As I alluded to on Tuesday, we had a security incident at work over the July Fourth weekend, so we’ve been spending all week cleaning up after that. There’s a statement about it on my company’s blog. I won’t link to it here, since I don’t necessarily want this post to show up in searches or referral logs related to it. (I’m not going to post anything I shouldn’t be posting, and I don’t know enough about the details to say much anyway, but just in case…)
On Tuesday, we were told to just stay home and chill, basically. They didn’t give us any real info on what happened, so that was basically just a “snow day,” as I mentioned in my last post. On Wednesday, they had made enough progress with the initial mitigation that we could start working on our disaster recovery. So, since then, it’s been a lot of “hurry up and wait” work, where servers are getting restored or rebuilt, scanned, released, and then we can do final setup and testing. I’ve been in the office Wednesday and Thursday, but I’m hoping I can get away with working from home today.

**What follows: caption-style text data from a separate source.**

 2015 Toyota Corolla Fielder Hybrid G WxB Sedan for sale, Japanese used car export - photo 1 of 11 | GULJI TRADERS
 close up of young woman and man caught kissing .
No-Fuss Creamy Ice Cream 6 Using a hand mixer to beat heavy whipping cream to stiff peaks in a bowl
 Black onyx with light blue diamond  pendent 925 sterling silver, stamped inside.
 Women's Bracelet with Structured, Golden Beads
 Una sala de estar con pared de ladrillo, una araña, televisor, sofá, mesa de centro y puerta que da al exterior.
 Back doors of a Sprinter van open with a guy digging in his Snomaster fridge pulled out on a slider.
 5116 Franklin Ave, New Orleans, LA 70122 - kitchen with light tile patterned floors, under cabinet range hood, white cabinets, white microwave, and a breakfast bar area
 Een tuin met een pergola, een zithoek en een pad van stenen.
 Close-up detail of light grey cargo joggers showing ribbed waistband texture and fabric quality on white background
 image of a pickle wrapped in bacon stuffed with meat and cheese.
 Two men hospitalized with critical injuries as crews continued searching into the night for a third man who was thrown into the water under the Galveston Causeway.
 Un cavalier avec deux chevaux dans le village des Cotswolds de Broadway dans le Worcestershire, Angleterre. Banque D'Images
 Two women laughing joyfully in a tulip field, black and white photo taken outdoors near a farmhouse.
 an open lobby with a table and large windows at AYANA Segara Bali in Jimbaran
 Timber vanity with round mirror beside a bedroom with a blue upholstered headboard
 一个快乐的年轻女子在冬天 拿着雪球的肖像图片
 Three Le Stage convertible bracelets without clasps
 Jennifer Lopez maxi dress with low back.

There are a lot of people working very hard on this. For me, I’m primarily a programmer, with only limited admin responsibilities. There are only two servers that I’m “officially” responsible for (out of hundreds total across the company), so mostly I’m just waiting on other stuff, answering questions, and helping out where I can. I feel a little guilty, knowing that some people are sleeping in their offices while I’m going home and sleeping in my own bed, but of course there’s not much I can do to help those folks, other than to stay out of their way.
I had a bunch of other stuff to say about this, but I think I’ll just say that I think we’re doing a pretty good job of handling this thing. Everyone has been calm and professional through it all, at least from my limited vantage point. There’s still a lot of work to do, but we’re making steady progress.
Purely by coincidence, I read an article in Communications of the ACM last week that talked about the best way to handle outages in IT. The article is more about unintentional errors that cause outages, rather than security incidents, but there’s a lot in common. I like the idea that “DevOps celebrates mistakes.” I hope that, when we’re back up & running, we’ll get a good postmortem on this that we can learn from.